What you will do
Each line of the data must reappear exactly in your answer, with no images included.

(Saved entries)
━━━━━━━━

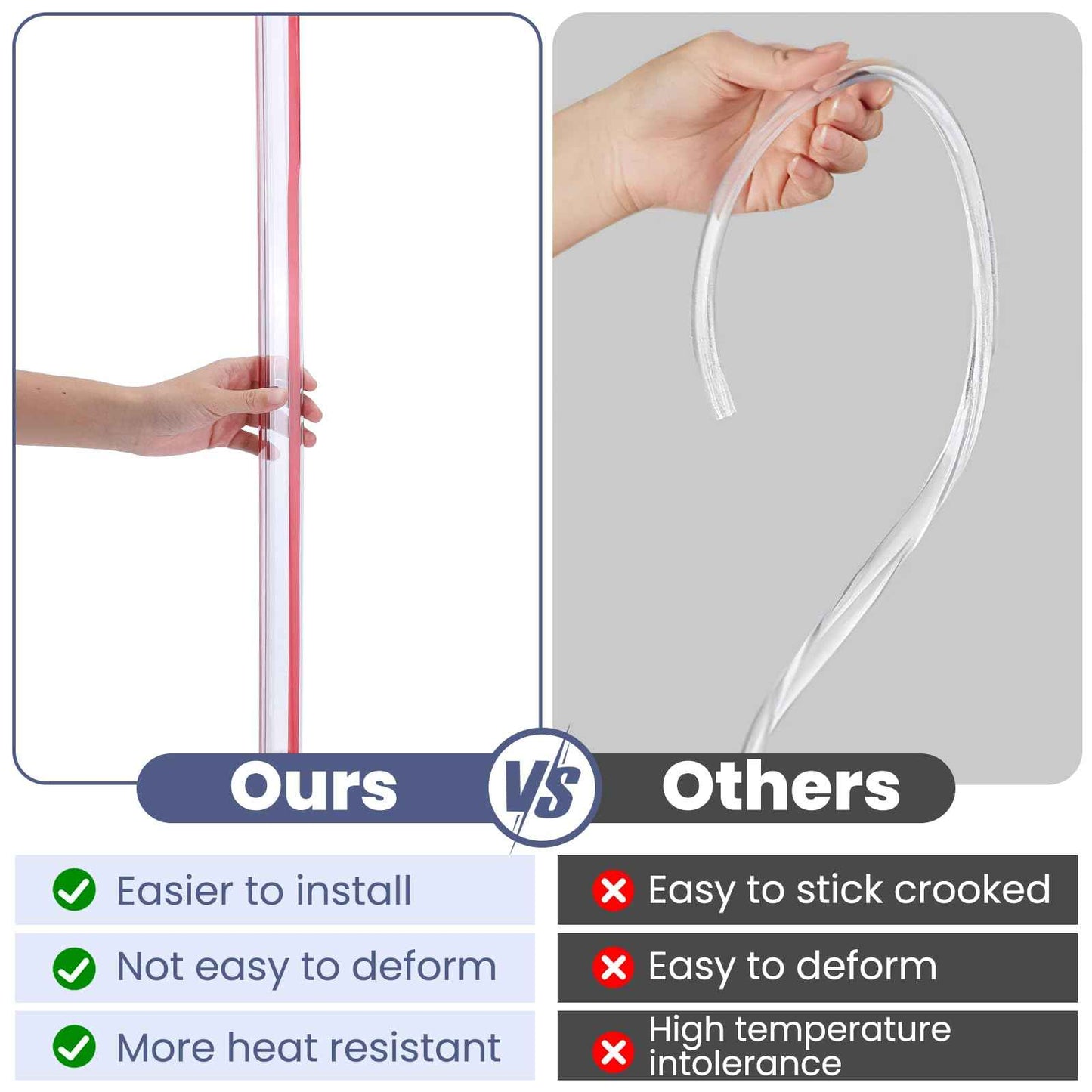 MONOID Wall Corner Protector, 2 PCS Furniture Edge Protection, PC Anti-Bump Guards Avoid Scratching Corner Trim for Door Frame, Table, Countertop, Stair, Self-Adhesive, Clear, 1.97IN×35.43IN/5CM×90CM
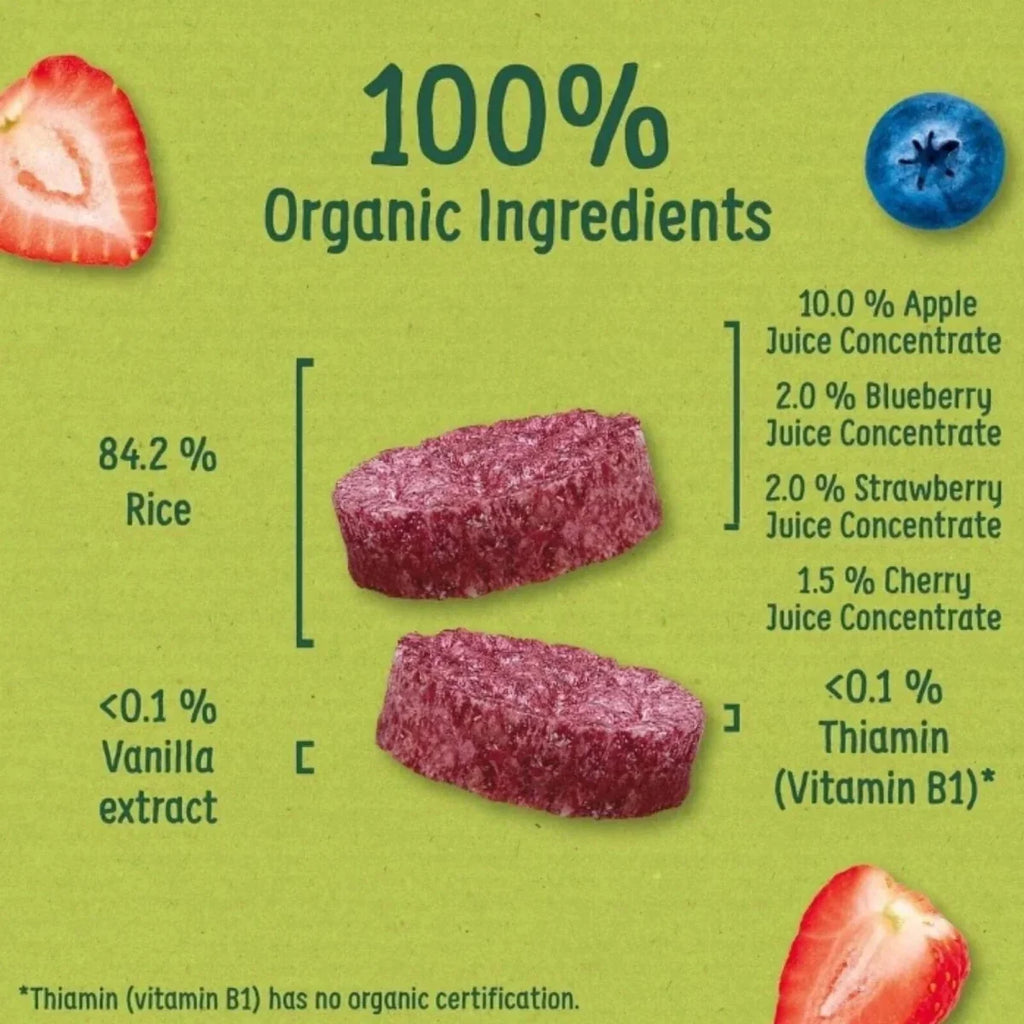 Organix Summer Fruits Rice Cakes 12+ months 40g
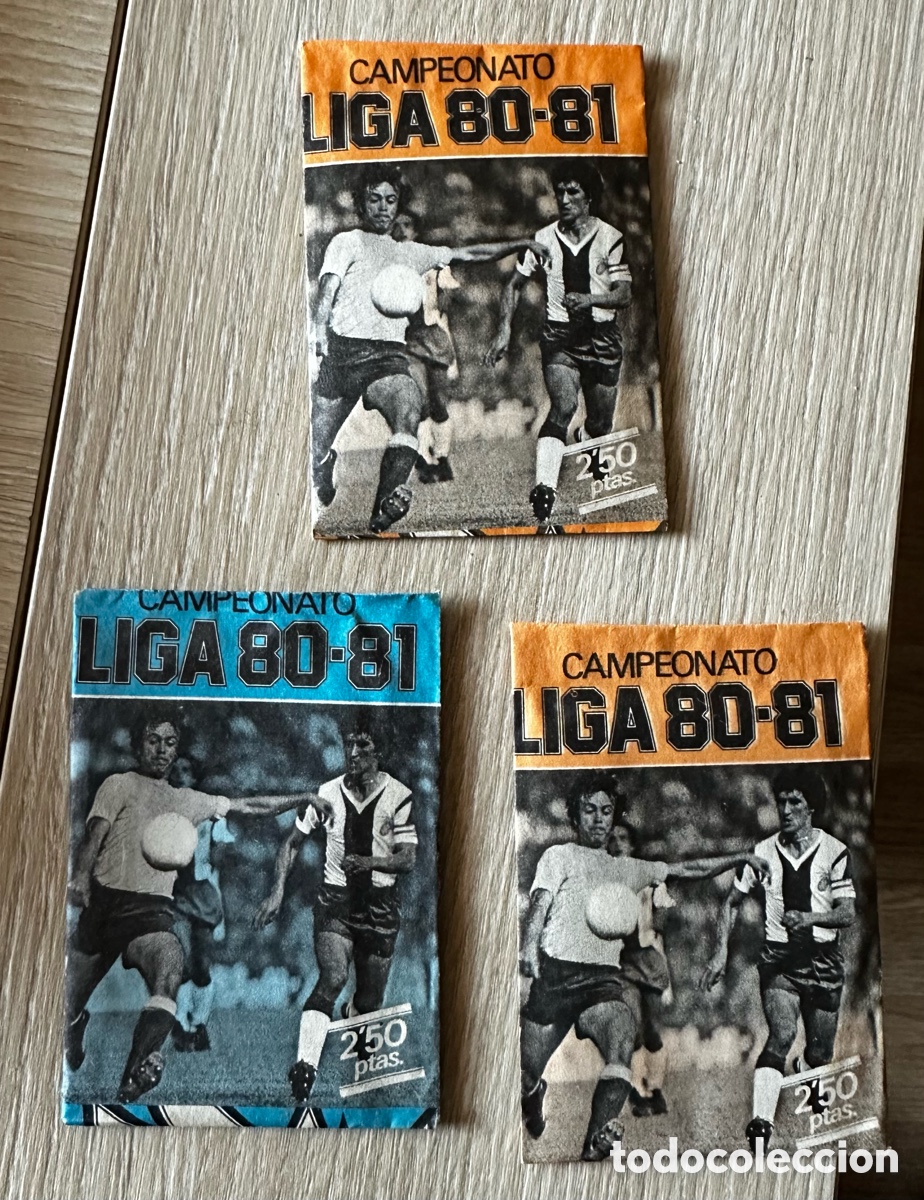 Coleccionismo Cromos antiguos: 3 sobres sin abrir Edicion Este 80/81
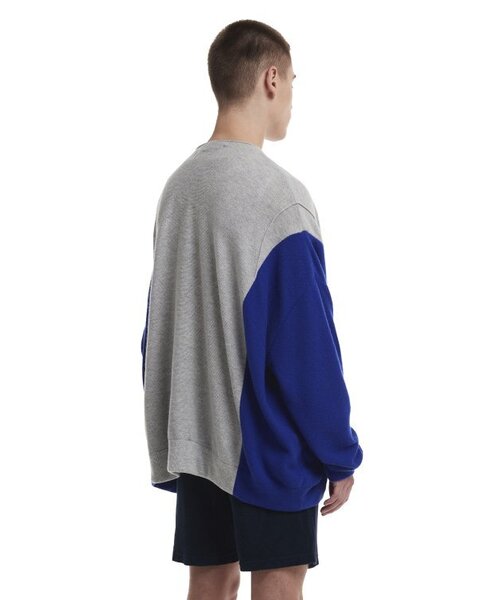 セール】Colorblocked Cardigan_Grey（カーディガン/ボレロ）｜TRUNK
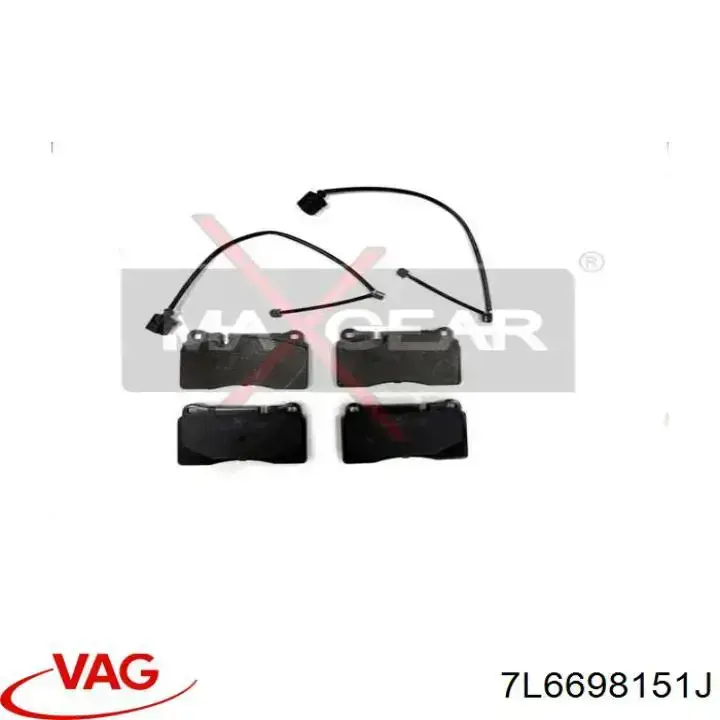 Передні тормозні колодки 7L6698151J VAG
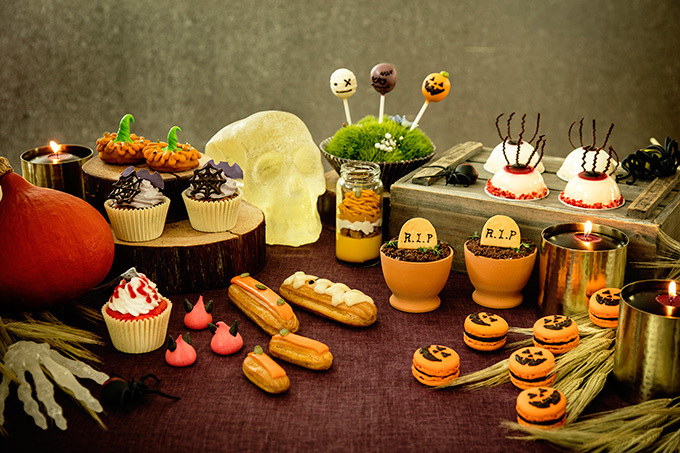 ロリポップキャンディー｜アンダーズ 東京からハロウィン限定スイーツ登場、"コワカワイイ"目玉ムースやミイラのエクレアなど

━━━━━━━━

Result below
 MONOID Wall Corner Protector, 2 PCS Furniture Edge Protection, PC Anti-Bump Guards Avoid Scratching Corner Trim for Door Frame, Table, Countertop, Stair, Self-Adhesive, Clear, 1.97IN×35.43IN/5CM×90CM
 Organix Summer Fruits Rice Cakes 12+ months 40g
 Coleccionismo Cromos antiguos: 3 sobres sin abrir Edicion Este 80/81
 セール】Colorblocked Cardigan_Grey（カーディガン/ボレロ）｜TRUNK
 Передні тормозні колодки 7L6698151J VAG
 ロリポップキャンディー｜アンダーズ 東京からハロウィン限定スイーツ登場、"コワカワイイ"目玉ムースやミイラのエクレアなど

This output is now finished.